The early group was lobbyists, who always seem to forget how much they have given to the candidate in question. Like Scott Yohe, who works the Hill for Delta Airlines.
"Ahhhhhhh," he said when questioned about the amount Delta had given to Levitas this campaign, "ahhhh, beer. I'd like a beer." This was addressed to the bartender.
The later crowd included the White House folks Levitas befriended in Georgia when he used to help push Gov. Jimmy Carter's bills through the state legislature. Among them were Eizenstat, OMB Director James McIntyre and Press Secretary Jody Powell.
"There're a few people here who talk like I do," drawled Powell. "Good to go to a cocktail party where you can understand the conversation."
Aside from drawling and dripping a good deal of sweat (the club felt like a hot tub), the crowd also admired Transportation Secretary Neil Goldschmidt. The female crowd, that is.
"There's 400 women around him," said a congressional aid who begged for anonymity. "God, that man's good-looking."
And then there were a few around who didn't have to pay $250 to be there. Mike Sheehan, for instance, who evidently got in free under some sort of unofficial good neighbor policy. That's what he used to be to Levitas.
"He didn't make any noise," reported Sheehan, a grant manager for the Law Enforcement Assistance Administration. "Borrowed some scotch every once in a while, but that was all."
Meanwhile, across the Potomac, the Aspin forces were collecting at a creaky, nearly 200-year-old Alexandria landmark called the Lee-Fendall House.

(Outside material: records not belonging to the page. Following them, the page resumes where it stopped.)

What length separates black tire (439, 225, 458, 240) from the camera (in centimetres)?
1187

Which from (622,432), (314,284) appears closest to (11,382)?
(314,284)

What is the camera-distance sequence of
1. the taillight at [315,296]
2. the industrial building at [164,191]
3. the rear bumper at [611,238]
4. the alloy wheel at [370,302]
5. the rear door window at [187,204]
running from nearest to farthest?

Inside, guests ate cheese cubes in a cozy dining room as a pianist played "Good King Wenceslaus" by candlelight.
And upstairs, in a bedroom decorated with an oil of someone's severe-looking ancestor, a bartender served drinks.

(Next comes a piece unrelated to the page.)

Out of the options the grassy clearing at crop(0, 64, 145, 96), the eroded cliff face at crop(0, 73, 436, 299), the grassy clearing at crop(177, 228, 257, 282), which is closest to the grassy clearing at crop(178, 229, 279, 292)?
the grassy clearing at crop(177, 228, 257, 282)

"I think John L. Lewis would be very amused," said Marilyn Moll, a docent who was referring to the labor leader who used to live there. Moll was also on hand to answer questions about other bedrooms, like the adjoining one. There, a single lit candle, a patchwork quilt and lacy sheets made it seem like a place to, well, to not have a fund-raiser.
Downstairs it was politics. "Carter?" said Aspin, the chairman of Ted Kennedy's campaign in Wisconsin. "He has good days and bad days." And on Kennedy's slump, he decreed: "Ah, temporary. He's got a lot of rapport in Wisconsin."

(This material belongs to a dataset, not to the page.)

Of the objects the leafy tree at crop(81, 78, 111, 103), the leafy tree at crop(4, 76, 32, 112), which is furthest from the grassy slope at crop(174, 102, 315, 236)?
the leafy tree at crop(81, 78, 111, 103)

The Aspin party, which was expected to draw 100, drew only about half that. Most were staffers, friends and the ubiquitous lobbyists.
So over in the corner was John Carson, who pushes for foot doctors. Now why, of all the lobbies to choose from, would someone pick foot doctors?
"That's a long story," said Carson, who told it anyway. He was right. Long. Very long.
Because there was a no-smoking law in the house, everybody who wanted a cigarette had to pile onto the porch by the coat rack. It was crowded but chummy.
Among this small crowd was Mike Edmonds, 19, an intern in Aspin's office who's not been much out of Neenah, Wis., until now. "Certainly is different from Neenah," he observed.